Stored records
________________________________________
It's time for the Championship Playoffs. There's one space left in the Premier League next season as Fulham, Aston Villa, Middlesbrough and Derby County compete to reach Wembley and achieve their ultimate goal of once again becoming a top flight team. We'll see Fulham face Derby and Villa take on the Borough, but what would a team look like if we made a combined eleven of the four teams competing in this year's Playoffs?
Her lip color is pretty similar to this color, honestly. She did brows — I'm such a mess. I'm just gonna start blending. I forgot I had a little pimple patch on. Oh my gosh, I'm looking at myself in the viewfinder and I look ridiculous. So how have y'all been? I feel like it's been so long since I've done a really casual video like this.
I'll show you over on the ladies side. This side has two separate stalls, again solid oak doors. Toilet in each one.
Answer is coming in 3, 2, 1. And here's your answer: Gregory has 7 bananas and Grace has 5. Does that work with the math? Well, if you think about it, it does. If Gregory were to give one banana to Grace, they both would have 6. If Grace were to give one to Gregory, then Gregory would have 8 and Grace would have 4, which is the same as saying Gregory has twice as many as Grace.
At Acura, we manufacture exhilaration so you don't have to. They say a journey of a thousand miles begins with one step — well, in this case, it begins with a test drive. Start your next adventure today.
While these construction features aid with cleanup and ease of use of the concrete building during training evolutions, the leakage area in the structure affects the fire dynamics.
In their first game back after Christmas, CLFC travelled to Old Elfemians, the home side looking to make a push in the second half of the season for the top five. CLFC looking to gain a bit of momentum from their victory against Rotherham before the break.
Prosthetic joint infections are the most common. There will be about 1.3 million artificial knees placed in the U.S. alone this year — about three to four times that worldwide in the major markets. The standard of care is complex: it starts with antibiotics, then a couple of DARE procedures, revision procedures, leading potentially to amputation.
________________________________________
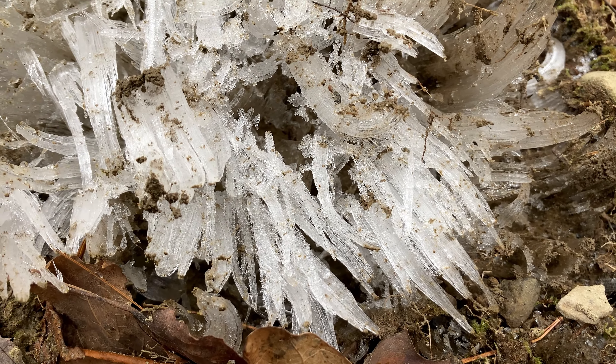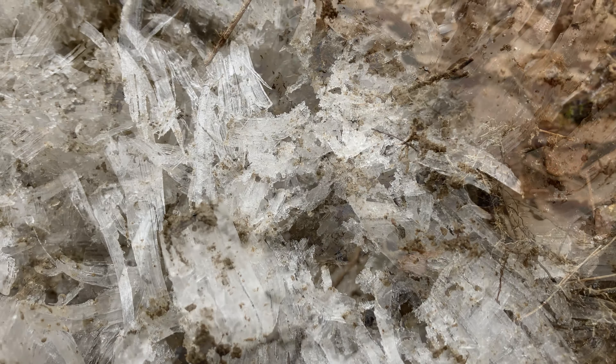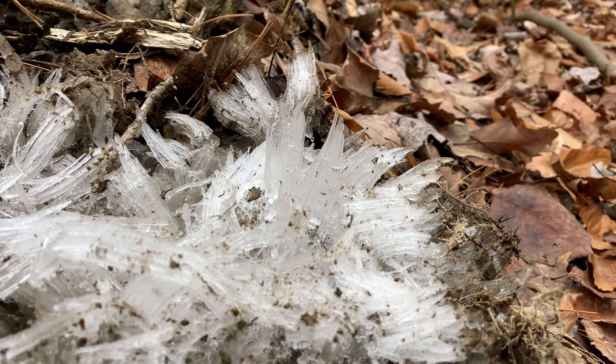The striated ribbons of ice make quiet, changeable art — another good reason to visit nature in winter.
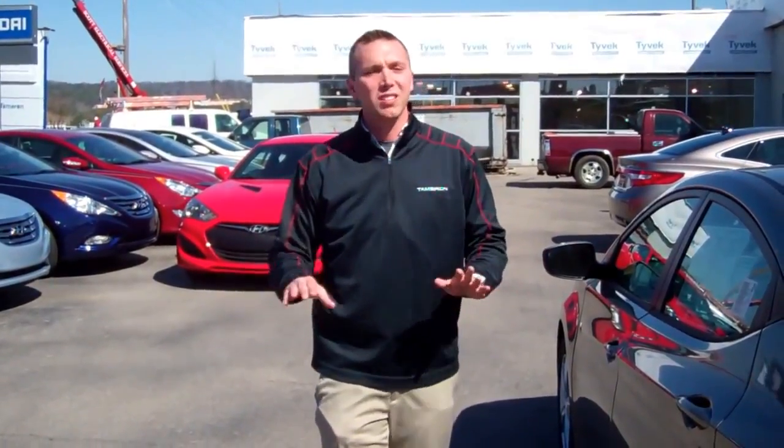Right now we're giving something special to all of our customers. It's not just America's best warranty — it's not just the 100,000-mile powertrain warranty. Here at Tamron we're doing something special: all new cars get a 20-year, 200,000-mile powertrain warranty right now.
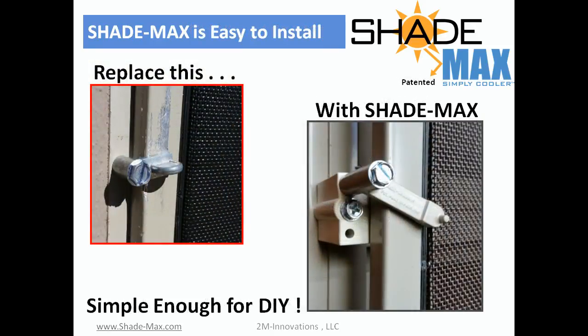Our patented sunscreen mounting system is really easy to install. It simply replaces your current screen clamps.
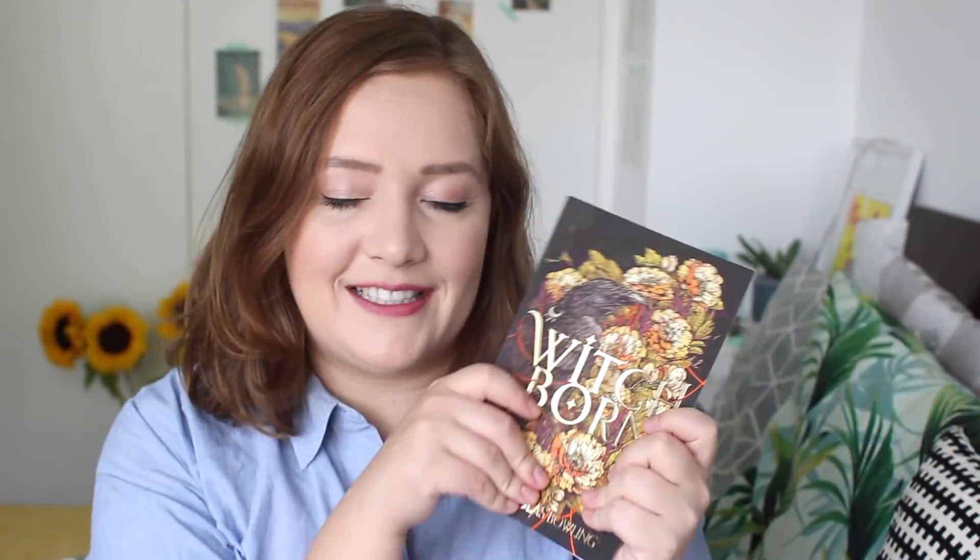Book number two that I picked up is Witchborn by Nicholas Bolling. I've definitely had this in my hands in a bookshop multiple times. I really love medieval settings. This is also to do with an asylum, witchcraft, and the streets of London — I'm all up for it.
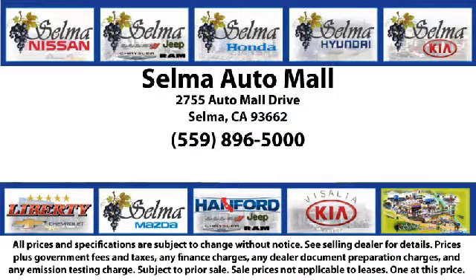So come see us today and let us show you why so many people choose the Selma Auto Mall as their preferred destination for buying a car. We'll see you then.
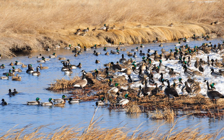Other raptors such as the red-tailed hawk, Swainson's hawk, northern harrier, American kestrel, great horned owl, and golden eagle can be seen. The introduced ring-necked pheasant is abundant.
________________________________________
[ACTIVITY]: Can you repeat, word for word, every line above from the one containing "Her lip color" down to the one containing "Prosthetic joint infections", including both?

[EXERCISE RESULT]:
Her lip color is pretty similar to this color, honestly. She did brows — I'm such a mess. I'm just gonna start blending. I forgot I had a little pimple patch on. Oh my gosh, I'm looking at myself in the viewfinder and I look ridiculous. So how have y'all been? I feel like it's been so long since I've done a really casual video like this.
I'll show you over on the ladies side. This side has two separate stalls, again solid oak doors. Toilet in each one.
Answer is coming in 3, 2, 1. And here's your answer: Gregory has 7 bananas and Grace has 5. Does that work with the math? Well, if you think about it, it does. If Gregory were to give one banana to Grace, they both would have 6. If Grace were to give one to Gregory, then Gregory would have 8 and Grace would have 4, which is the same as saying Gregory has twice as many as Grace.
At Acura, we manufacture exhilaration so you don't have to. They say a journey of a thousand miles begins with one step — well, in this case, it begins with a test drive. Start your next adventure today.
While these construction features aid with cleanup and ease of use of the concrete building during training evolutions, the leakage area in the structure affects the fire dynamics.
In their first game back after Christmas, CLFC travelled to Old Elfemians, the home side looking to make a push in the second half of the season for the top five. CLFC looking to gain a bit of momentum from their victory against Rotherham before the break.
Prosthetic joint infections are the most common. There will be about 1.3 million artificial knees placed in the U.S. alone this year — about three to four times that worldwide in the major markets. The standard of care is complex: it starts with antibiotics, then a couple of DARE procedures, revision procedures, leading potentially to amputation.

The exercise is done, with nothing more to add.